* _Exercise details_
Reproduce the following data exactly, minus any images.

* _Raw data_
+ + + + +

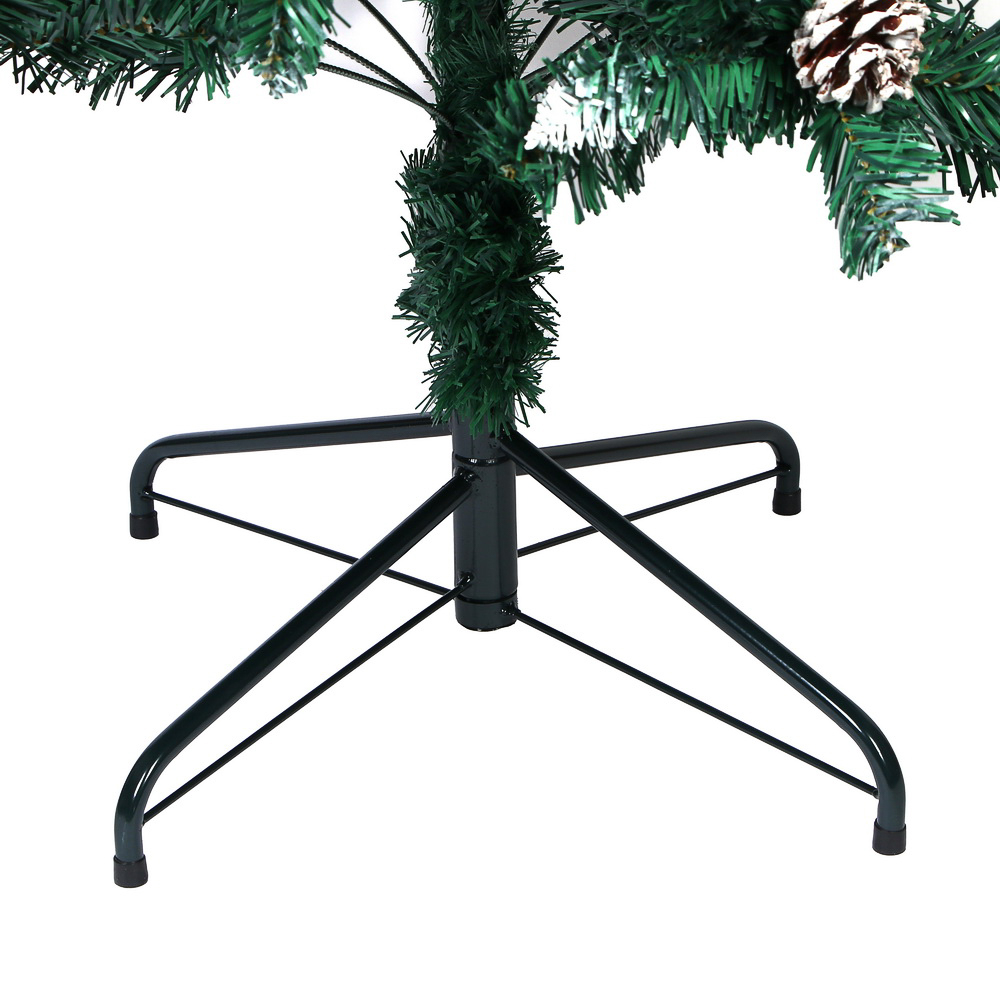 Ель искусственная с заснеженными кончиками и шишками 180см, 585 веток, ПВХ, 26-29, арт.№ 385-425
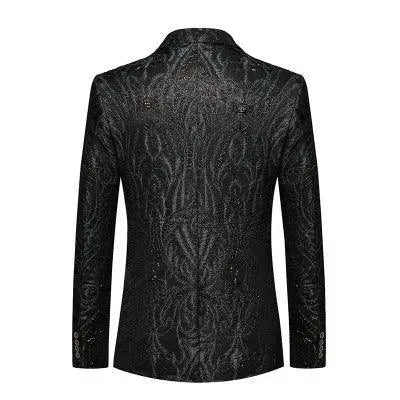 Men Blazer - Black Sequin Blazer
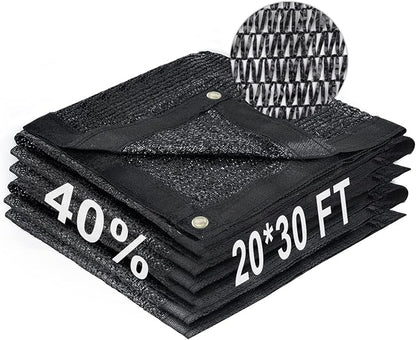 LOVE STORY 20x30FT 40% Black Shade Cloth Sun Shade Net with Grommets Sunblock Net Mesh Tarp for Garden,Plants Cover,Greenhouse and Patio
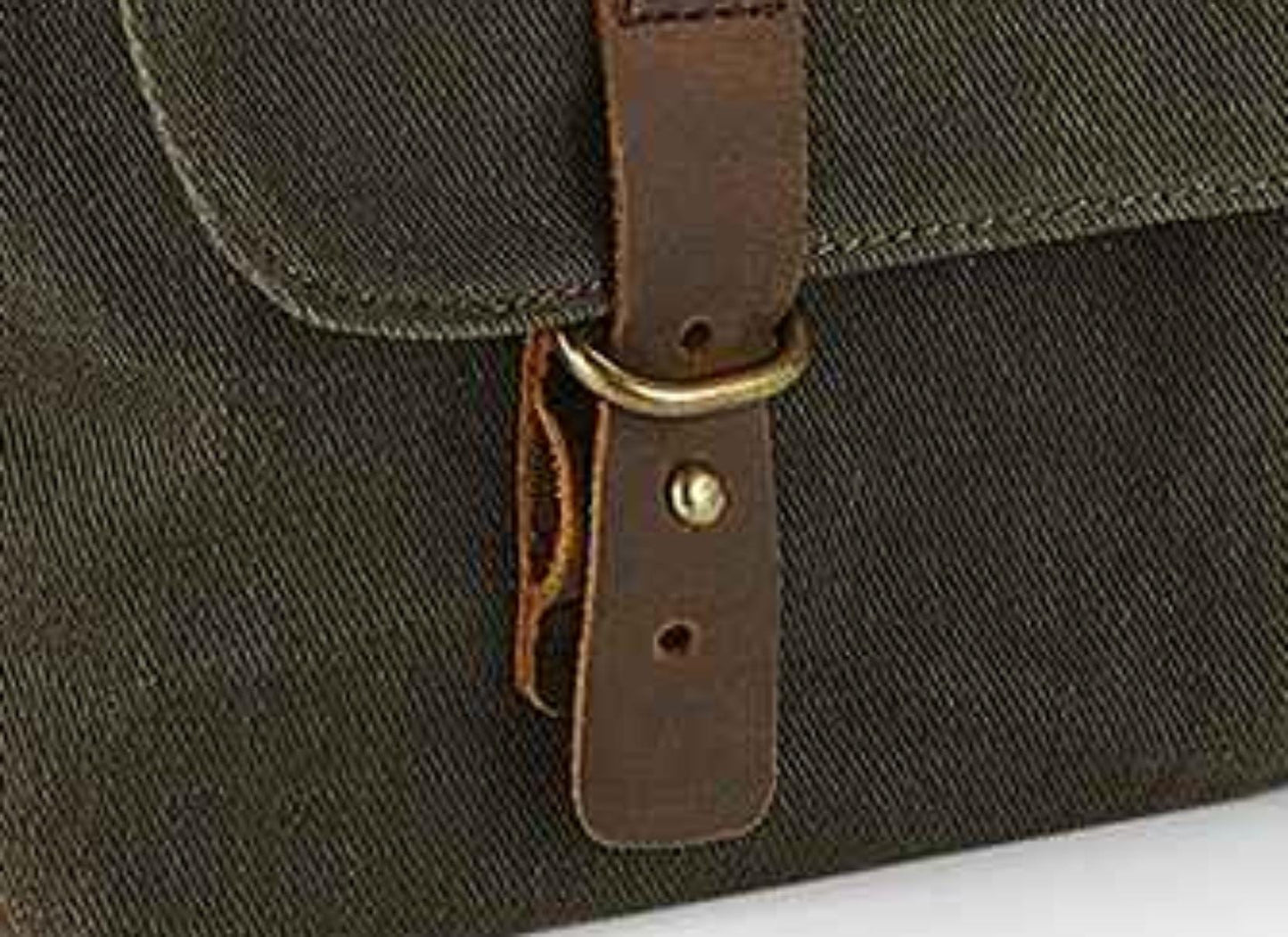 Waxed Canvas Messenger Bag, Heritage crossbody Laptop bag, with leather Trim and Brass fittings-STROVA Bag, commuters, university, work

+ + + + +

* _Output below_
 Ель искусственная с заснеженными кончиками и шишками 180см, 585 веток, ПВХ, 26-29, арт.№ 385-425
 Men Blazer - Black Sequin Blazer
 LOVE STORY 20x30FT 40% Black Shade Cloth Sun Shade Net with Grommets Sunblock Net Mesh Tarp for Garden,Plants Cover,Greenhouse and Patio
 Waxed Canvas Messenger Bag, Heritage crossbody Laptop bag, with leather Trim and Brass fittings-STROVA Bag, commuters, university, work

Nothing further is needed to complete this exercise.